For the material below, the expected output is exactly the lines between the line holding "Korāla flīša izšūta" and the line holding "Samsung Galaxy S23 256GB — Батуми — 800 ₾", inclusive, with pictures left out.

SOURCE INFORMATION ::
--------

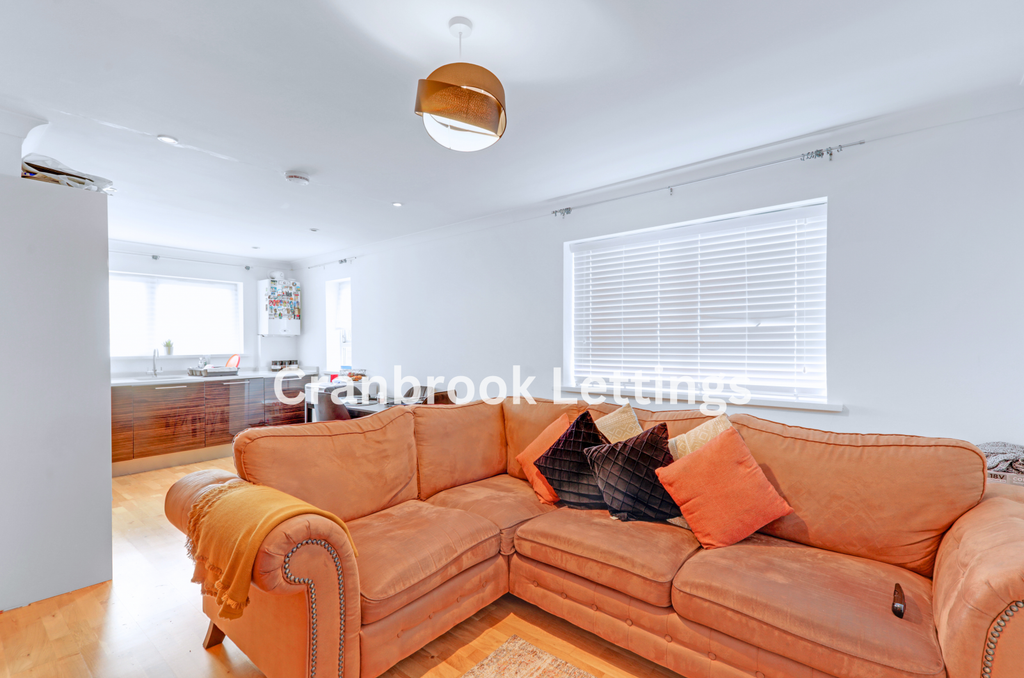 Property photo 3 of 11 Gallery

--------

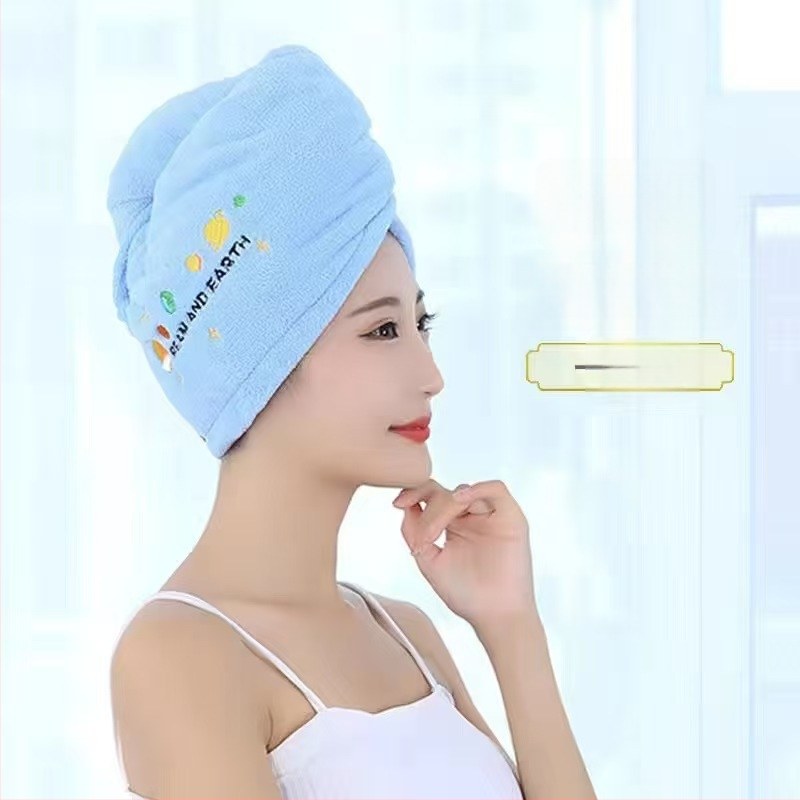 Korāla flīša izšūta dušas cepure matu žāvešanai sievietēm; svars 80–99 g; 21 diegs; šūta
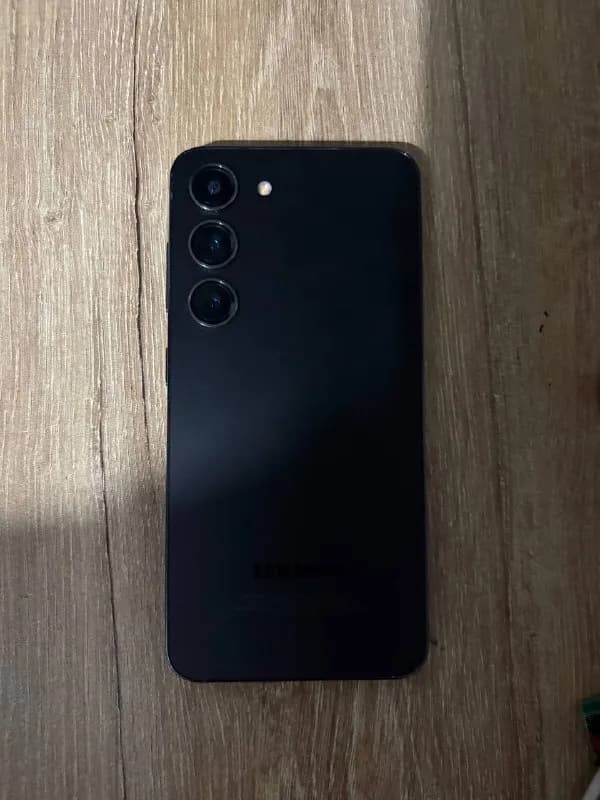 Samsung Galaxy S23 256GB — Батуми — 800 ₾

--------

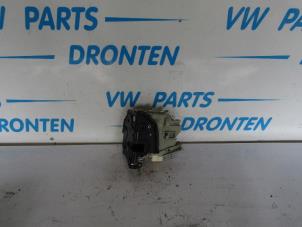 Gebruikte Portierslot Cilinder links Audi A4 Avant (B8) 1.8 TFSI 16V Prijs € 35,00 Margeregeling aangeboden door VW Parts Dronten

--------

SOLUTION FOR THIS EXERCISE ::
 Korāla flīša izšūta dušas cepure matu žāvešanai sievietēm; svars 80–99 g; 21 diegs; šūta
 Samsung Galaxy S23 256GB — Батуми — 800 ₾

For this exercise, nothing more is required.